Early indications are that the Canadian dollar could decline ahead of tomorrow’s Bank of Canada interest rate announcement. Despite recording a 3.9 percent increase in Gross Domestic Product for the first three months of the year, most observers expect Governor Mark Carney to announce that the Bank of Canada will not raise rates beyond the current 1 percent. This could have investors selling the dollar for currencies offering higher yields.
While few expect a rate increase, close attention will be paid to Carney’s statement in the hope that the Governor will provide a signal as to when he expects rates to increase. Most analysts feel that October is the earliest we can expect the Bank to introduce a rate hike as the short-term forecast is for the Canadian economy to slow slightly from the first quarter’s robust pace.
It was not that long ago that market participants were convinced that Canada was about to enter a period of sustained rate increases. Indeed, starting last June the Bank did introduce three successive quarter point rate hikes but the policy was abandoned after the Canadian economy slowed faster than expected.
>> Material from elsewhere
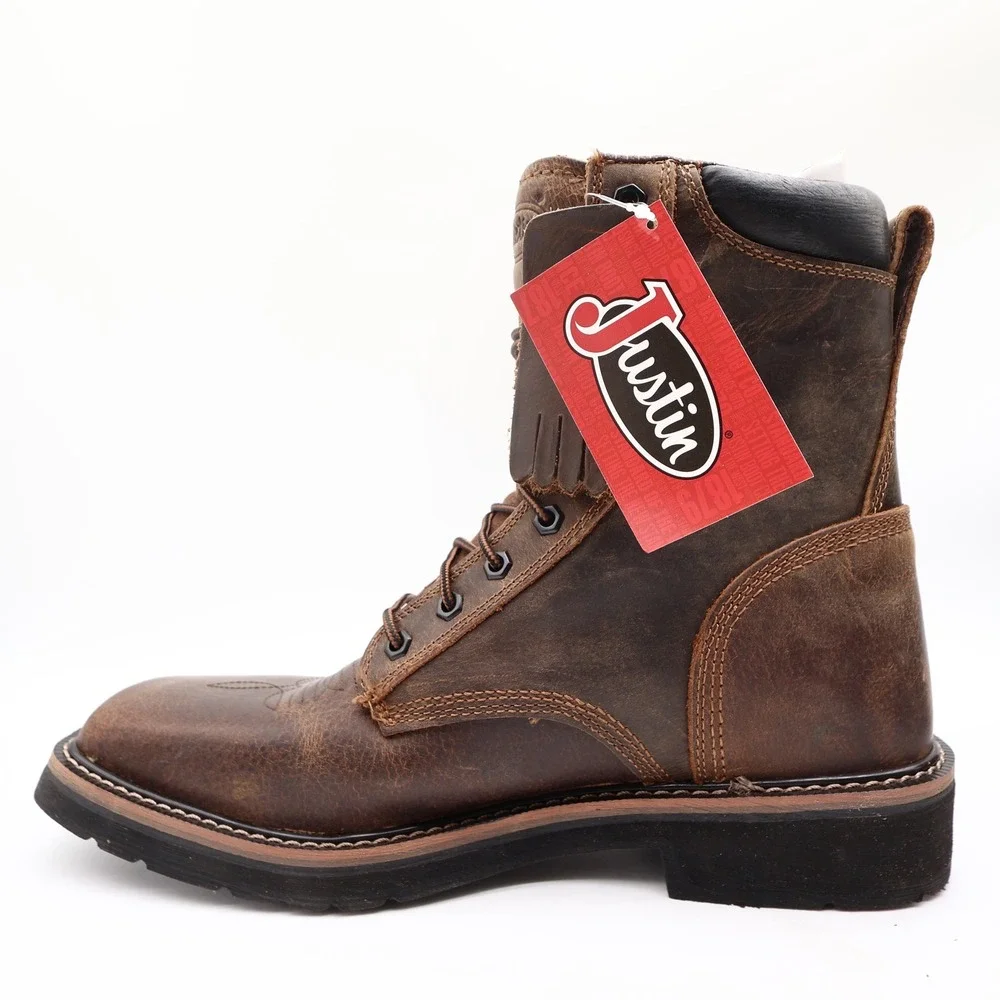 Justin Modern SE681 Work Boots Mens 12 D Brown Leather New With Tags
Despite this, the Organization for Economic Co-operation and Development (OECD) recently urged the Bank of Canada to return to a policy of rate hikes. The OECD believes that Canada’s interest rate is currently too low and as a result, borrowers are taking on debt levels that would otherwise be beyond their means. Should these rates rise significantly later on, the OECD warns that a dramatic rise in the default rate is likely and this could place the Canadian economy at risk.